Koalas (Phascolarctos cinereus) are Australian marsupials that, while not technically bears in any way, are often referred to as them because of their furry and round physical appearances. These mostly nocturnal tree inhabitants are a relatively common sight Down Under, where they often reside in eucalyptus forests, on farming sites and in woodlands.
Koalas' bodies can grow as long as 31 inches, according to the World Association of Zoos and Aquariums. Weight-wise, fully mature koalas can be as heavy as 33 pounds. Koalas that reside in southern regions of Australia are usually a little bigger than their northern counterparts, however. Male koalas, across the board, are significantly larger than the females, as well. They also have much bigger heads than the females.
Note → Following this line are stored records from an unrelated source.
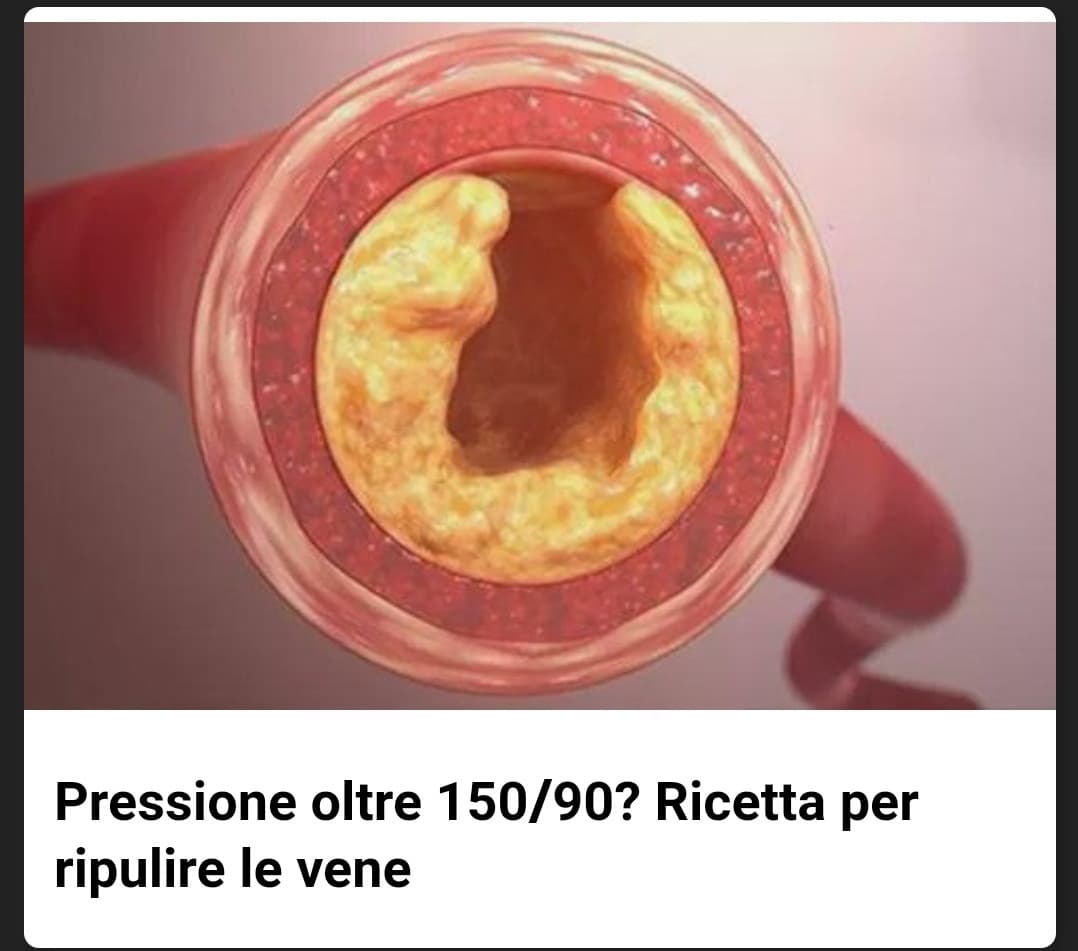 Avevo visto altro e non una vena ??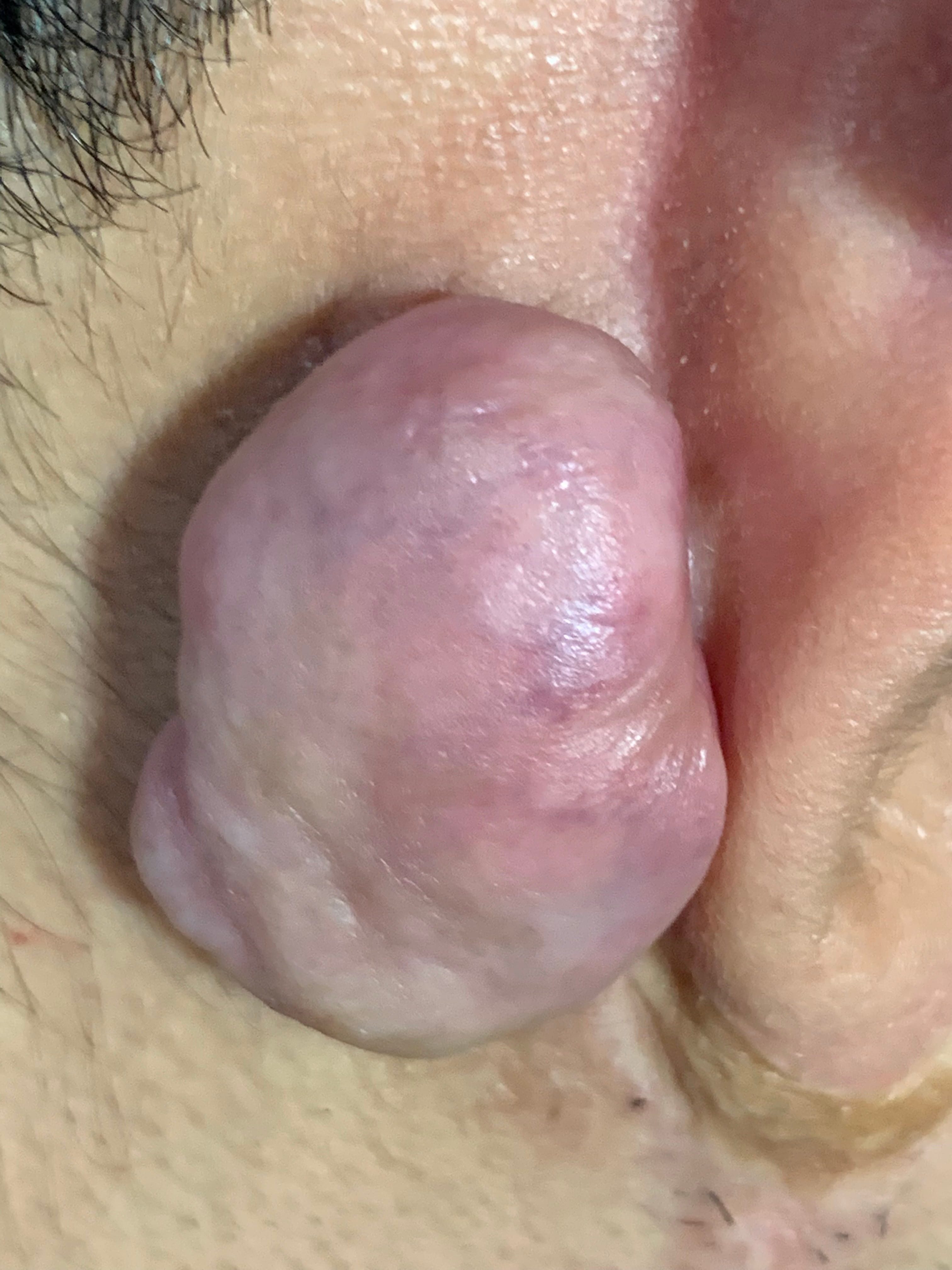 QUELOIDE - Punción por aritos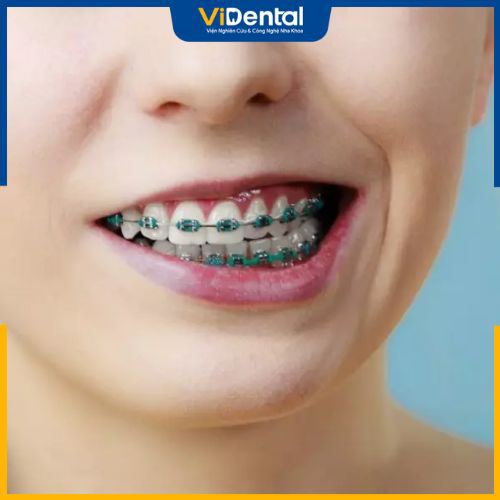 Niềng răng là phương pháp kéo chỉnh các răng đến vị trí mong muốn
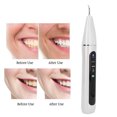 thumbnail image 4 of Scaler  Plaque Remover Teeth Stain Remover Intelligent  Electric  Scaler  Calculus Plaque Tartar Remover Cleaner, 4 of 8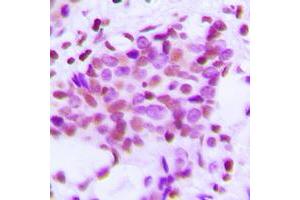 Immunohistochemical analysis of Hexokinase 1 staining in human breast cancer formalin fixed paraffin embedded tissue section. (Hexokinase 1 antibody  (N-Term))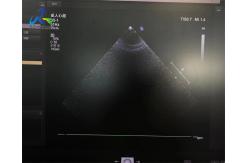 China  S5-1 Linear Array Ultrasound Transducer Probe Crystal Array Replacement supplier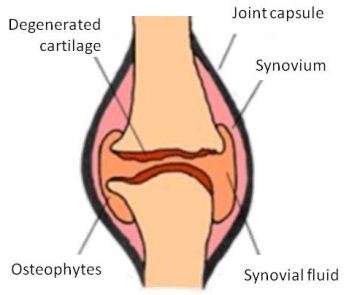 Rheumatism cure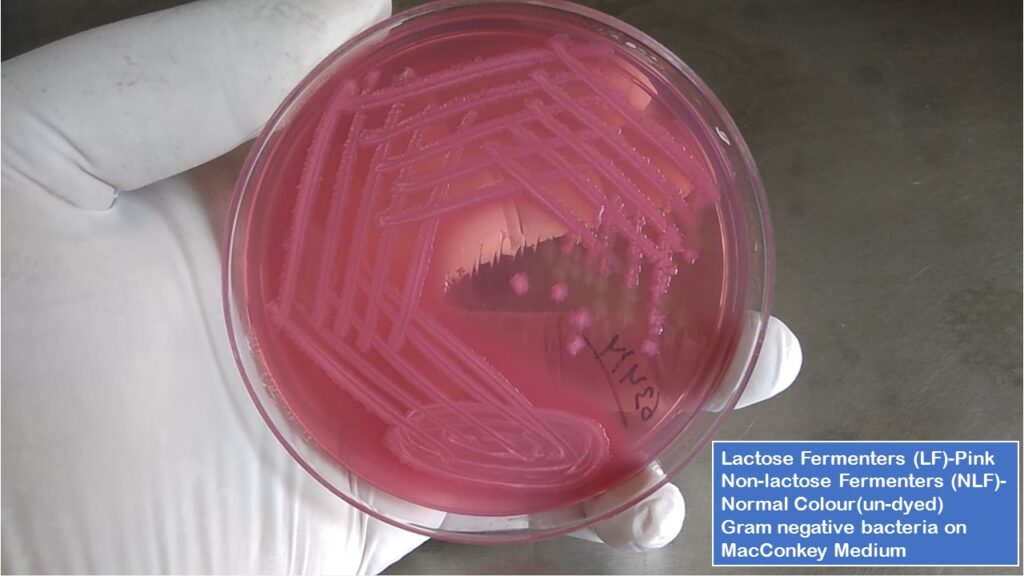 Lactose Fermenters (LF)-Pink, non-lactose fermenters (NLF)-normal Colour(un-dyed) Gram negative bacteria on MacConkey medium demonstration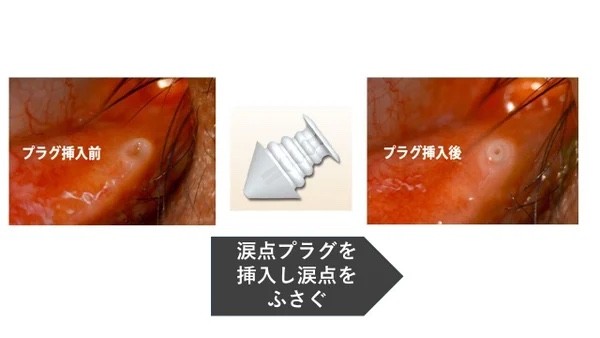 涙点プラグを挿入し涙点をふさぐ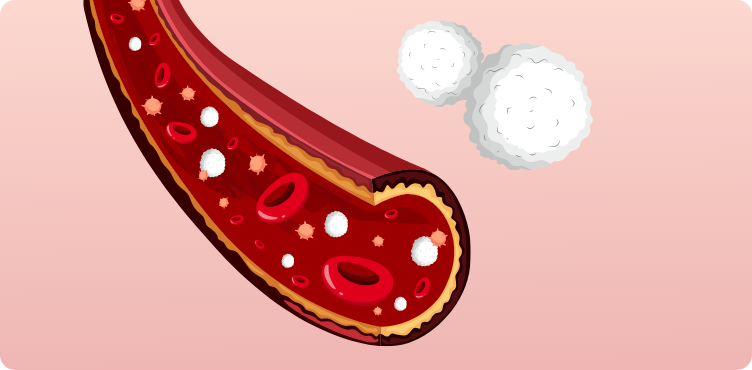 tab-cordblood-type-02.png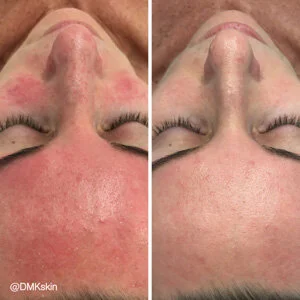 Reactive Skin DMK Treatment - Before and After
A koala's fur has a deceptive appearance. Though it may look smooth to the eye, it actually has a rather coarse texture. Koala fur usually is brownish or gray, although southern specimens are markedly browner than those in the north. They also have white fur on certain parts of their bodies -- think the chest, ears, neck and legs. Koalas of the South also tend to have longer fur.
As marsupials, koalas naturally possess pouches, which they utilize for nursing and nurturing their young offspring. Koala pouches face their back legs, unlike those of some other varieties of marsupials. They contain a pair of teats. Only the females of the species have pouches.
Other Noteworthy Physical Features
Koalas have an array of physical features that help to make them easily identifiable. These include their sizable and circular ears, big paws, prominent noses, small eyes and tiny, barely visible tail "stumps." Their feet and hands are clawed. Koalas' feet are rugged and uneven on the bottom, which helps them during their frequent tree climbing efforts.
Baby Koala Appearance
Baby koalas, or "joeys," start their lives totally free of fur. They actually don't develop any hair for approximately six months. Not only do newborn joeys not have any fur, they do not have any vision either. Joeys are not sophisticated at birth, although they do spend well over half a year tucked inside of their mothers' pouches, nursing and growing steadily. The little guys are tiny at birth -- usually between .015 and .035 ounces, indicates the San Diego Zoo.